Re: BUG #15727: PANIC: cannot abort transaction 295144144, it was already committed

From: r(dot)zharkov(at)postgrespro(dot)ru
To: Andres Freund <andres(at)anarazel(dot)de>
Cc: Tom Lane <tgl(at)sss(dot)pgh(dot)pa(dot)us>, pgsql-bugs(at)lists(dot)postgresql(dot)org
Subject: Re: BUG #15727: PANIC: cannot abort transaction 295144144, it was already committed
Date: 2019-04-11 03:29:03
Message-ID: 17809a9ce6649f6b9095d782d73ed26b@postgrespro.ru
Views: Raw Message | Whole Thread | Download mbox | Resend email
Thread:
Lists: pgsql-bugs

On 2019-04-07 00:17, Andres Freund wrote:

> I'd be very surprised if it weren't
>
> commit 5db6df0c0117ff2a4e0cd87594d2db408cd5022f
> Author: Andres Freund <andres(at)anarazel(dot)de>
> Date: 2019-03-23 19:55:57 -0700
>
> tableam: Add tuple_{insert, delete, update, lock} and use.

> Greetings,
>
> Andres Freund

Hello,
I finished bisect and recheck the result.

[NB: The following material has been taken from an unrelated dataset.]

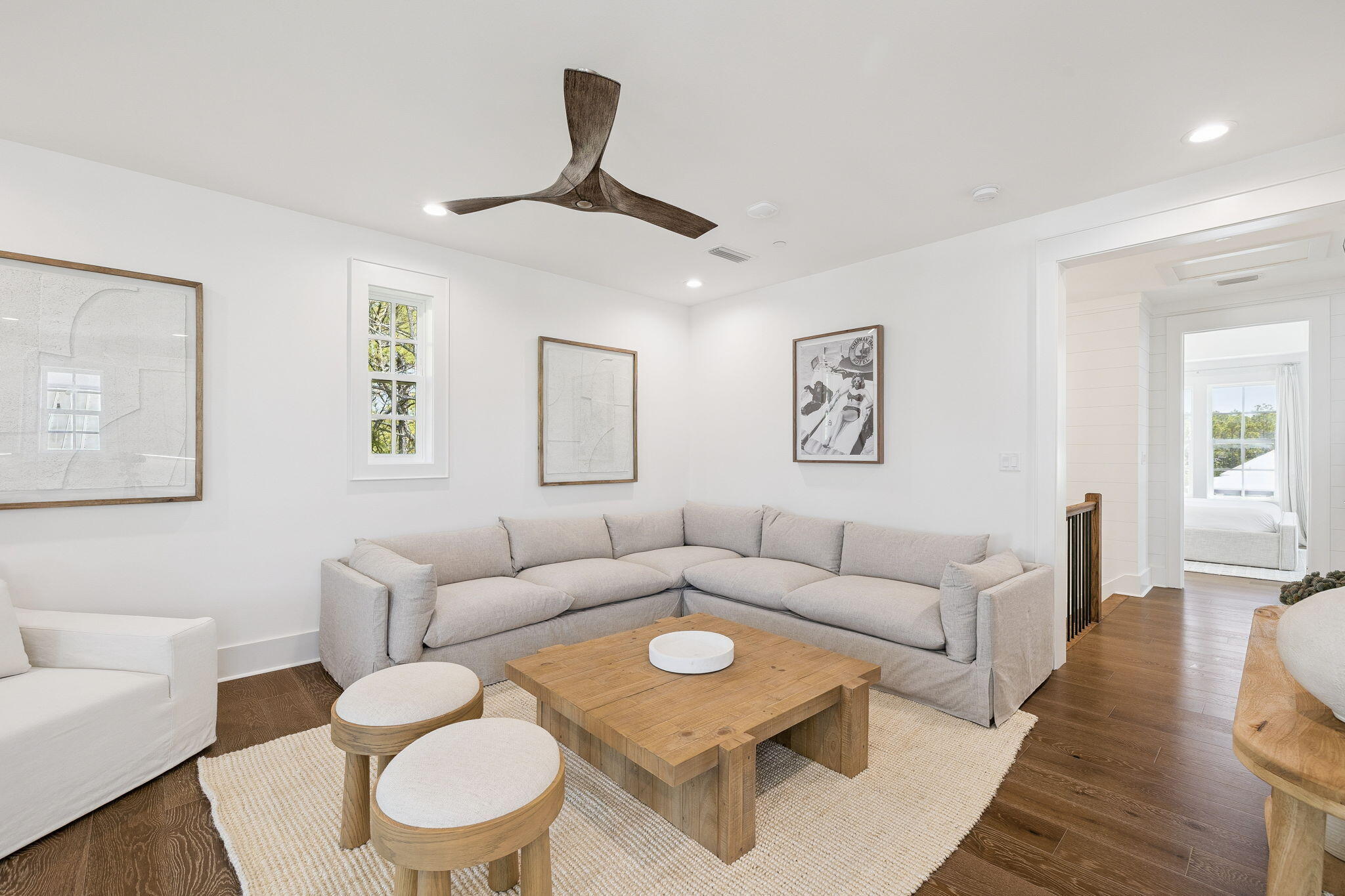 81 Montigo Avenue Santa Rosa Beach FL 32459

ad308058cc8666c50b43179e64d6bb7aeb3ba169 is the first bad commit
commit ad308058cc8666c50b43179e64d6bb7aeb3ba169
Author: Thomas Munro <tmunro(at)postgresql(dot)org>
Date: Thu Mar 28 10:59:19 2019 +1300

Use FullTransactionId for the transaction stack.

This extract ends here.